▶ _Problem_: Only the lines from the one with "HD Png Download" to the end of the data, both ends included, should be output, exactly as they stand and without pictures.

________________________

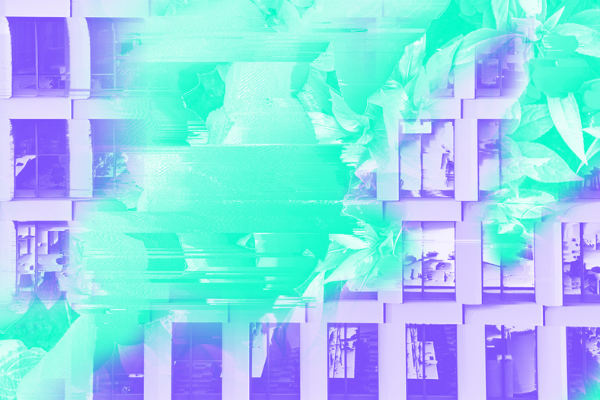 Verso x The World Transformed 2020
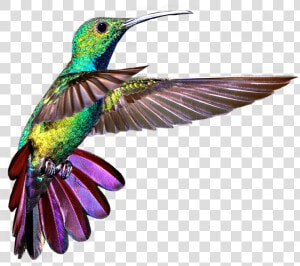  colibri  colors  HD Png Download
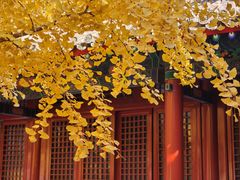 -承恩寺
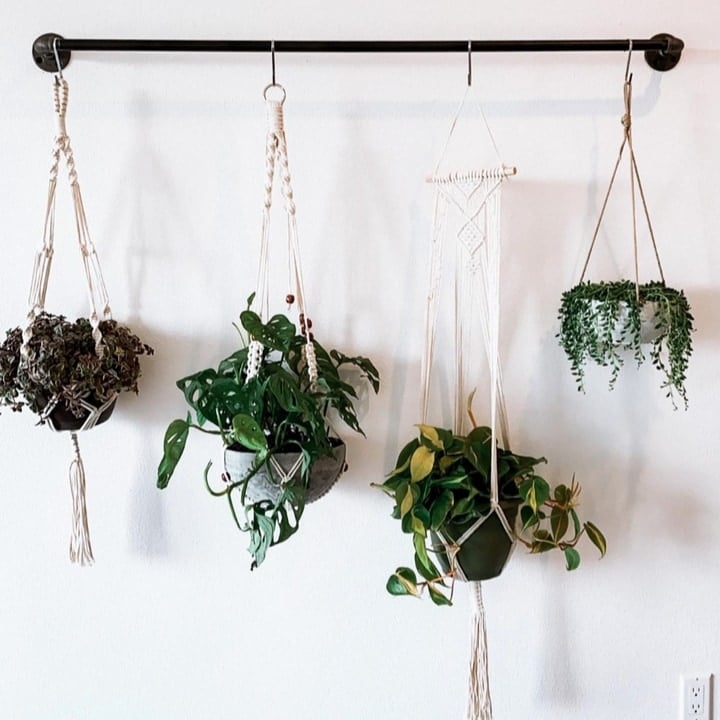 hanging wall planters hanging wall planters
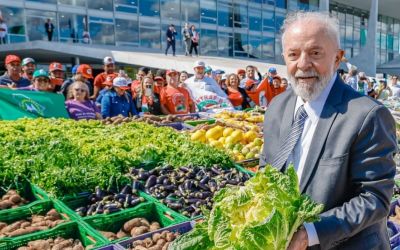  Plano Safra da Agricultura Familiar destina R$ 78,2 bi a pequenos produtores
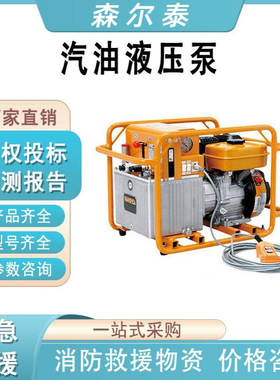 双回路汽油机泵HPE-700双向驱动泵数字显示控制泵大功率液压泵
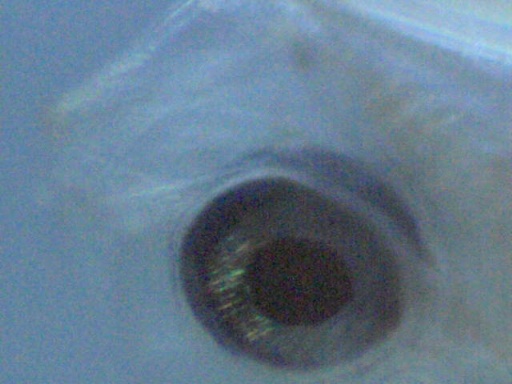 AL_263_6.jpg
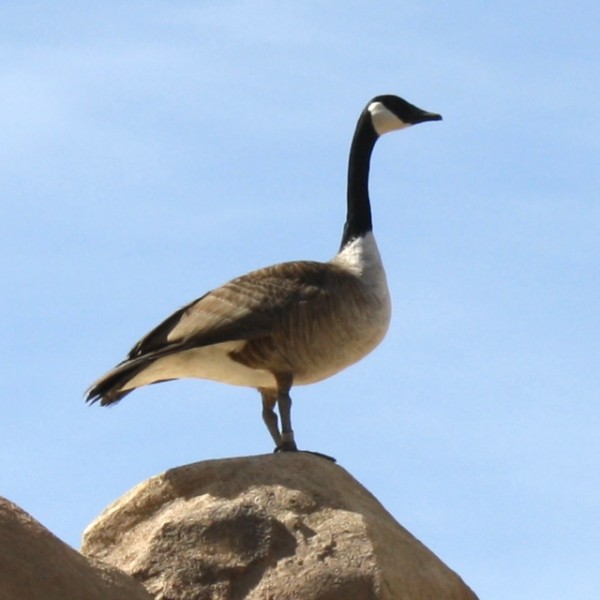 Canadian Goose - Free photo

________________________

▶ _Response area_:
  colibri  colors  HD Png Download
 -承恩寺
 hanging wall planters hanging wall planters
  Plano Safra da Agricultura Familiar destina R$ 78,2 bi a pequenos produtores
 双回路汽油机泵HPE-700双向驱动泵数字显示控制泵大功率液压泵
 AL_263_6.jpg
 Canadian Goose - Free photo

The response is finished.